Comment of the day from twitter:
dwuori dwuori: Where does one get a job as @paulsherwen's chateau researcher?

 Why yes, it had been a long and uneventful stage. Until a big crash towards the end took out Mark Cavendish, among others. Luckily, it was within 3 km so no time lost, but it was not a happy sight. More to come about that in the cycling press for sure.

Stage: Andre Greipel
Yellow: Fabian Cancellara

Violet was curious.
Wine of the stage: Cider today
 Bordelet Sydre Agrelette 2010 
 $21.00  from Arlequin Wine in San Francisco

From the producer:
In 1992, Eric Bordelet, previously sommelier at Arpege Alain Passard's Restaurant in Paris took over the production of this family property in Normandy. Believing that cider and Poiré should be produced like wine he grows more than 20 varieties of apple and 15 varieties of pear. Connoisseurs admire his entirely artisan and apothecary style of working.His range includes several products, all worth the detour. He has dubbed his ciders"Sydre""Sidre", the former spelling of those words.  
Location :  Situated in the south of Normandy on the Armorican Massif,extending from Domfrontais to the outermost borders of the Mayenne and the Orne.
Terroir :  The property is situated on schiste,sedimentary rock dating back to the Precambrian era.This has produced silt and clayey-silt soil. Its 15 hectares property is divided up into 3 hectares 40-50 years old fruit orchard,a 7 hectares vineyard orchard planted in 1992 and trellised and 5 hectares pears orchard dating back to 1992.
Fruit varieties and orchard management : 20 varieties of apple at least (sweet, bitter, sour), 15 varieties of pear. All cultivated according to bio-dynamic agricultural practices,as they are better adapted to the production quality fruit.
Transformation : Hand-picked harvest in metre cube pallets which are then placed in a dry and aired location in vie of dehydrating the fruit for 3 or 5 weeks.The apples are ground and simply pressed. Pressing is followed by settling and racking several times in view of clarification and to slow down fermentation.
Filtration and bottling,with more or less residual sugar (no chaptalisation) depending upon the product,are carried out in view of natural fermentation.Bubbles develop within two weeks of bottling. The alcoholic content varies from 3-7°.

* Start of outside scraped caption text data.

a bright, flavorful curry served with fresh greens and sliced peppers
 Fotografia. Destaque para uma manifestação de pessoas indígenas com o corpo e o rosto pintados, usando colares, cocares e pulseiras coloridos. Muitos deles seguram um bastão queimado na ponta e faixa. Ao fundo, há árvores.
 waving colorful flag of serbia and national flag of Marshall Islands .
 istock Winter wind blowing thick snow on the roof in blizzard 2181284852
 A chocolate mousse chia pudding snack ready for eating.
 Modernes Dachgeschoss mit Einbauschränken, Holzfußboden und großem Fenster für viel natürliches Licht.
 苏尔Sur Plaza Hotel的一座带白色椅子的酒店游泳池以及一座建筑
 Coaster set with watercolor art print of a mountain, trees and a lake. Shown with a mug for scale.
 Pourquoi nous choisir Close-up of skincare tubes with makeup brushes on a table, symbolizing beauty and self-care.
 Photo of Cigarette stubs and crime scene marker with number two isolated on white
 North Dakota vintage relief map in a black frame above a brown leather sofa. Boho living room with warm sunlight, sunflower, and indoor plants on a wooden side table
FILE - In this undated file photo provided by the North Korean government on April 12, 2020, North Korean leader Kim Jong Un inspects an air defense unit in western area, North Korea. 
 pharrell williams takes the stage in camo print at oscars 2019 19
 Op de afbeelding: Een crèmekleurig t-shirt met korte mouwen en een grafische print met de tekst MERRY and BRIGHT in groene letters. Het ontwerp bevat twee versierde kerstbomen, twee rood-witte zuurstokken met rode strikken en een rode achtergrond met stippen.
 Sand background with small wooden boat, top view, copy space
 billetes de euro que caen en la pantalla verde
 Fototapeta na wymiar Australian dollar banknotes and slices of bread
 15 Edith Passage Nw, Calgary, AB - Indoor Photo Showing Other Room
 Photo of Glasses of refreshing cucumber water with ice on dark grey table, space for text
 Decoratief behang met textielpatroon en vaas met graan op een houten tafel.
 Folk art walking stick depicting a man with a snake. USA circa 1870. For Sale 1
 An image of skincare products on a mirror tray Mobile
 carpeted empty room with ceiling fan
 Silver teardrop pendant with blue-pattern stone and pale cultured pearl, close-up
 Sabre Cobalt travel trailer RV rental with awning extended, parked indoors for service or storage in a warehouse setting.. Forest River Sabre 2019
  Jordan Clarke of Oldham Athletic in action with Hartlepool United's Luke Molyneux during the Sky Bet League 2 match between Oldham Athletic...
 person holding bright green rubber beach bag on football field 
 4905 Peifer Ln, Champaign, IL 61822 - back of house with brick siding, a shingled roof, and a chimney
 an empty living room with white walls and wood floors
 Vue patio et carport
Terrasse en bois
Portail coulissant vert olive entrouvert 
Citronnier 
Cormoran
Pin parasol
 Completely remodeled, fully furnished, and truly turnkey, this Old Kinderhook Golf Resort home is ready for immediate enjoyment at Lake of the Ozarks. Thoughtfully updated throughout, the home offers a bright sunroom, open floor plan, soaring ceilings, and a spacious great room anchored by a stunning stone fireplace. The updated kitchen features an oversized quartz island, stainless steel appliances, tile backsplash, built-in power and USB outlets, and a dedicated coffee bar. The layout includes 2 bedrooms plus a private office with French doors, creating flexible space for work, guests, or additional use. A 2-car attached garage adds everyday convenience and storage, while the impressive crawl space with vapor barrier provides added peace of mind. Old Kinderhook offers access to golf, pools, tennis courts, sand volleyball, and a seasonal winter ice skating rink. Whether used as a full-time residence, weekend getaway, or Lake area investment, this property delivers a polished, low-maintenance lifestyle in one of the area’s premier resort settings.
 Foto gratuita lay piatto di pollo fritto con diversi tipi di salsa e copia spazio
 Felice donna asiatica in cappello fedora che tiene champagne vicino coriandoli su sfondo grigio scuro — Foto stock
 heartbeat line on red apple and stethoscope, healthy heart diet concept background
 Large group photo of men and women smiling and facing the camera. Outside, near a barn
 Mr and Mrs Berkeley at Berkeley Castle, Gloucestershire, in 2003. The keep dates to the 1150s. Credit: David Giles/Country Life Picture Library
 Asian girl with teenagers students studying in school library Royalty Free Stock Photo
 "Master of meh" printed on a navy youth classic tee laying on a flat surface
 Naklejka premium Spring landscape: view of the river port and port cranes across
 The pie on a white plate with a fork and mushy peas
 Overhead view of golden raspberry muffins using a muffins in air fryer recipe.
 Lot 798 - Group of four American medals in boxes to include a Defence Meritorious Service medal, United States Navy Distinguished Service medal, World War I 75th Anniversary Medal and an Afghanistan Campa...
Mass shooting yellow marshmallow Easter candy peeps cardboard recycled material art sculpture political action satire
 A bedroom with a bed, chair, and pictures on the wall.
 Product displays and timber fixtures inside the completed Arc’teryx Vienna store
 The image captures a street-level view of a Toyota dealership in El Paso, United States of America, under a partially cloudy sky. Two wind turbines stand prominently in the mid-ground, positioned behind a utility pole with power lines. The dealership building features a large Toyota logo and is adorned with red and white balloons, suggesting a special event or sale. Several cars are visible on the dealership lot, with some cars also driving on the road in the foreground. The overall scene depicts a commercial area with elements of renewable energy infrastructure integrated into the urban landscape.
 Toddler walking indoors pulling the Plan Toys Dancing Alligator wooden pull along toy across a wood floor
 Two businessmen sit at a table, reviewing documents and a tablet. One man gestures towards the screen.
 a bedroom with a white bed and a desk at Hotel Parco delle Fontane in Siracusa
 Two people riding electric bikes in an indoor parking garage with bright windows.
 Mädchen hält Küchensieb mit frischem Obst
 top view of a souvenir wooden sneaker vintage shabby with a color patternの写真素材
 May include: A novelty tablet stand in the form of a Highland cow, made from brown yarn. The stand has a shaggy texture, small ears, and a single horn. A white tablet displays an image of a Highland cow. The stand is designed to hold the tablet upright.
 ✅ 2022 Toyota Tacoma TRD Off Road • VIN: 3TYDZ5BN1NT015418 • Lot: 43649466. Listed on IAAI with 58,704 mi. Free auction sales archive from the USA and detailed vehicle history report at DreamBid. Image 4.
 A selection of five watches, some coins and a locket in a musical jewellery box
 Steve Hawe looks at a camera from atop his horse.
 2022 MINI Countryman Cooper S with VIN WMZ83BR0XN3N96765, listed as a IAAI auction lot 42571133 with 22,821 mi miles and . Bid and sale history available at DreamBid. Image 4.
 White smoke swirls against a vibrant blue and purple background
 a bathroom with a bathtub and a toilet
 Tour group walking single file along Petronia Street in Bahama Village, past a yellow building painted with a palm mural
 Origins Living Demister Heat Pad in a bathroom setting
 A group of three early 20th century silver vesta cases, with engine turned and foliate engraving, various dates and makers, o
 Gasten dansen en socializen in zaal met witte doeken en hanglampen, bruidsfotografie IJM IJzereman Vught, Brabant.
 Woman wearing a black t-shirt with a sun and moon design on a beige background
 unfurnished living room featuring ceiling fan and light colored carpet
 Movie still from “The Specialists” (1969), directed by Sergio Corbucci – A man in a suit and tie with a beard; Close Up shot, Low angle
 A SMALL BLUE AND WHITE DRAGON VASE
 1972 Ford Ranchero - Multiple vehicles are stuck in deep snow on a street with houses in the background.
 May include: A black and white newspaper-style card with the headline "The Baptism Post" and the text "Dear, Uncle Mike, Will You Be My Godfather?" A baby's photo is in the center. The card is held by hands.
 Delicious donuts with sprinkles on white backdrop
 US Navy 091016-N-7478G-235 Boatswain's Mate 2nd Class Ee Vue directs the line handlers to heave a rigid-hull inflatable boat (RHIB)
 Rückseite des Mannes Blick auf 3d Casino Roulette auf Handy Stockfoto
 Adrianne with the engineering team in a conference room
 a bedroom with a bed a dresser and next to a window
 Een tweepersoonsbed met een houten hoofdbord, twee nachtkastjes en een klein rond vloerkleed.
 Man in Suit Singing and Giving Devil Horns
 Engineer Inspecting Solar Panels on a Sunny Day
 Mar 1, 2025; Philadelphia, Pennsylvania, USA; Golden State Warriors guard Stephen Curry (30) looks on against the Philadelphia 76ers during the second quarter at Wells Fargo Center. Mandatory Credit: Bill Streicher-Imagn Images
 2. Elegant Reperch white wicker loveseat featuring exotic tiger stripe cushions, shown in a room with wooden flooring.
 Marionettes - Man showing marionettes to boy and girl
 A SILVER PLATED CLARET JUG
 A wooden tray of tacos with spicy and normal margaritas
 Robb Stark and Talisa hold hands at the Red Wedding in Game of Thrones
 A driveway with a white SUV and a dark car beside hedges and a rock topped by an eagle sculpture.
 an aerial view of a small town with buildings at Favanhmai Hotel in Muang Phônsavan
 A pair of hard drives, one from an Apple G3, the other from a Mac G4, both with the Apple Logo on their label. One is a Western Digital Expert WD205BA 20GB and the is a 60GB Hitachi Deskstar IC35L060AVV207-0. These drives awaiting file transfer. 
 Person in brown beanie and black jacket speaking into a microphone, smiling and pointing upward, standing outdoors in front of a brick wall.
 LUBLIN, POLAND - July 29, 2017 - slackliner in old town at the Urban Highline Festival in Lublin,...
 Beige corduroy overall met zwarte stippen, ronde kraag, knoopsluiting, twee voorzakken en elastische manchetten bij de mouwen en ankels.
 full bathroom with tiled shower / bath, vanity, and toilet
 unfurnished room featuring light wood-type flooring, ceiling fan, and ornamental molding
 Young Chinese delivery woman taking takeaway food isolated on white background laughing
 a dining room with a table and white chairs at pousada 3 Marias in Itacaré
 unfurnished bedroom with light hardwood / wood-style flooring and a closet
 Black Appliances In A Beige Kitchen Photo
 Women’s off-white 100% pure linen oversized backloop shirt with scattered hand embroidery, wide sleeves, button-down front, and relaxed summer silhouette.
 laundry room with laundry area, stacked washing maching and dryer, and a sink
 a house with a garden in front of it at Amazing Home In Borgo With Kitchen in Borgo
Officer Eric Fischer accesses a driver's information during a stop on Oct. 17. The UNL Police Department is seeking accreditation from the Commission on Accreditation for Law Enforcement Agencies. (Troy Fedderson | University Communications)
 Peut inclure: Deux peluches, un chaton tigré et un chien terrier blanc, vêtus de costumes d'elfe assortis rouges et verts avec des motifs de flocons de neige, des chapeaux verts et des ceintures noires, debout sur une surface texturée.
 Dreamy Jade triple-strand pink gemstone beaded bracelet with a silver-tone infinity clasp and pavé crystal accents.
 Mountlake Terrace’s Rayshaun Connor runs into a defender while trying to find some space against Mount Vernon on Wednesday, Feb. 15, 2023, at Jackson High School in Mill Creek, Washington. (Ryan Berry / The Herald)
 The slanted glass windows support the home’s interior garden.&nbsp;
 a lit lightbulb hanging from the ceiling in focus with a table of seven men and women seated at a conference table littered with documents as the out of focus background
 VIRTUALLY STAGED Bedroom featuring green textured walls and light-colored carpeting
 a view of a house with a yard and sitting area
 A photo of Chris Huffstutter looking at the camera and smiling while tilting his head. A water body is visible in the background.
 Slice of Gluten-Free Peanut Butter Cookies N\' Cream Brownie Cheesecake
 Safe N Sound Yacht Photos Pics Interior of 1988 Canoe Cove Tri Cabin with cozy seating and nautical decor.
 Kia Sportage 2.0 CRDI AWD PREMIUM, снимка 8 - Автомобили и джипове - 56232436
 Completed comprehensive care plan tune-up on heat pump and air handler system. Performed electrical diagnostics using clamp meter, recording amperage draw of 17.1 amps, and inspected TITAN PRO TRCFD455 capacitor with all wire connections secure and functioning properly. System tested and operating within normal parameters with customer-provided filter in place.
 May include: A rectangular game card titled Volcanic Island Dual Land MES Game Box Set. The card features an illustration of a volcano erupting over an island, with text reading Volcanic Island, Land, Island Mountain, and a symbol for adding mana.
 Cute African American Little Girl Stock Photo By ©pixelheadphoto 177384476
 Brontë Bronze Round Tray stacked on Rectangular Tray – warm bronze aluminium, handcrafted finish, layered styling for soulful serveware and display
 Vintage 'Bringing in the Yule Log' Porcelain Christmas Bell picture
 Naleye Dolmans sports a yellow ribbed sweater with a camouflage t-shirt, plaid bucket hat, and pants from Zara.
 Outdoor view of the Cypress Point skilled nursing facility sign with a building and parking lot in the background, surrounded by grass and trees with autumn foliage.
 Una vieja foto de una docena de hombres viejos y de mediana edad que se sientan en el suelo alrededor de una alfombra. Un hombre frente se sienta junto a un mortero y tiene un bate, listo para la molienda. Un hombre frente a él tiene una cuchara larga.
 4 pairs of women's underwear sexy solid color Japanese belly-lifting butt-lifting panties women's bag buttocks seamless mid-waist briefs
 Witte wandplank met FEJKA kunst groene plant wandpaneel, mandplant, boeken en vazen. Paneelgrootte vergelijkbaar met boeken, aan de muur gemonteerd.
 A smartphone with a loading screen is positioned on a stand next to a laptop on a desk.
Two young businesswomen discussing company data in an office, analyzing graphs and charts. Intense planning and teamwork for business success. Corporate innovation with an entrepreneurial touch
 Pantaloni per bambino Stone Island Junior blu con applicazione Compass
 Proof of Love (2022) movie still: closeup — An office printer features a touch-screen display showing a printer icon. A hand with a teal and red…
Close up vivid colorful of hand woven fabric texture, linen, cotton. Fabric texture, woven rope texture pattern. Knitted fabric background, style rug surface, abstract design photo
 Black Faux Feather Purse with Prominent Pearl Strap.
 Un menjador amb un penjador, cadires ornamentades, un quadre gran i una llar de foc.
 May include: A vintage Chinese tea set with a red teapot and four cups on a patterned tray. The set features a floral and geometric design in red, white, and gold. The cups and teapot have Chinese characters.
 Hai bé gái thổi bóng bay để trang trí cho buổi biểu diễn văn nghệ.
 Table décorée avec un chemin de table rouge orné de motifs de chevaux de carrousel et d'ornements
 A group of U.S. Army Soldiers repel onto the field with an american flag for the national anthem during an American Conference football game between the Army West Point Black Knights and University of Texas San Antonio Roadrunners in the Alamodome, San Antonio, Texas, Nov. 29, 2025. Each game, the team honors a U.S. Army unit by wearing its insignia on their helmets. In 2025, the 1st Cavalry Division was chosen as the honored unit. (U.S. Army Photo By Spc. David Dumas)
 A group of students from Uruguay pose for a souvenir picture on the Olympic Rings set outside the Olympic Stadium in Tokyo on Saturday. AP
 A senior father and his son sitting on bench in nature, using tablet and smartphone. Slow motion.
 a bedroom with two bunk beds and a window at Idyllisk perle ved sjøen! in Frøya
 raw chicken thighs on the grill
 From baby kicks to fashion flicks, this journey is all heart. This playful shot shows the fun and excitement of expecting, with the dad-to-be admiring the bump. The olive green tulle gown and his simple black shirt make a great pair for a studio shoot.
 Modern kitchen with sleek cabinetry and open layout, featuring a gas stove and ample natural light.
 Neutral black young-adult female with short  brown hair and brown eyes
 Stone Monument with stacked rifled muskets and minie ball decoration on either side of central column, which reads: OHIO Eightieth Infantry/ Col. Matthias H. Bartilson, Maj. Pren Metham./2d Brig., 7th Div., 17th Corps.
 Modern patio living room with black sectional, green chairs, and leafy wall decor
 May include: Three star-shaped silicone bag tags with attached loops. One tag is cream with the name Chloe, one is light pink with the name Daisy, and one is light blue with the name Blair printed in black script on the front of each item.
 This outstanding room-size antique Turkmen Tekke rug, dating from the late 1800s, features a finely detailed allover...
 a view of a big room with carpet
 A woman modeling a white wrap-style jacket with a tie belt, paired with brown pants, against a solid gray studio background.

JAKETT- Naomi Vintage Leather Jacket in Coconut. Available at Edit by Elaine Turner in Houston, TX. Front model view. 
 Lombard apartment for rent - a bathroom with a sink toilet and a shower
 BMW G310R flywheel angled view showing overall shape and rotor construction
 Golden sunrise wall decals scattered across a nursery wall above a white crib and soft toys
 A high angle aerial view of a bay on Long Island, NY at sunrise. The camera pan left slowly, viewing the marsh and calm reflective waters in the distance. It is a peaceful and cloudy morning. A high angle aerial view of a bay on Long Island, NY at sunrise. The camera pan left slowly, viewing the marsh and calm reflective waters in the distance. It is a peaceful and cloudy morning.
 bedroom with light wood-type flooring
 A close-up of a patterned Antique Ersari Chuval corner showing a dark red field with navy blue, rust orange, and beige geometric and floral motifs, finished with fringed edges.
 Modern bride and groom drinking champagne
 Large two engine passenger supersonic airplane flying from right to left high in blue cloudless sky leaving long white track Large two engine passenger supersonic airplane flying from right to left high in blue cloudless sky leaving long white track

This prestigious offering combines 19 apple varieties, prepared according to an ancestral method of maceration.The nose exhales a mixture of fruity and mineral notes: stewed apple, apricot, lemon, honey and mile spices. Ample, balanced palate, boasting intense flavours, brought out by extremely small bubbles. A premium cider that can be served with a meal or offered as an aperitif and indeed Normand's cheese.Worth ageing.

I say: This is a gorgeous cider. I don't know what mile spices may be, but true apple and some citrus indeed. Much fresher and more tart than some ciders I have had. I like this one a lot.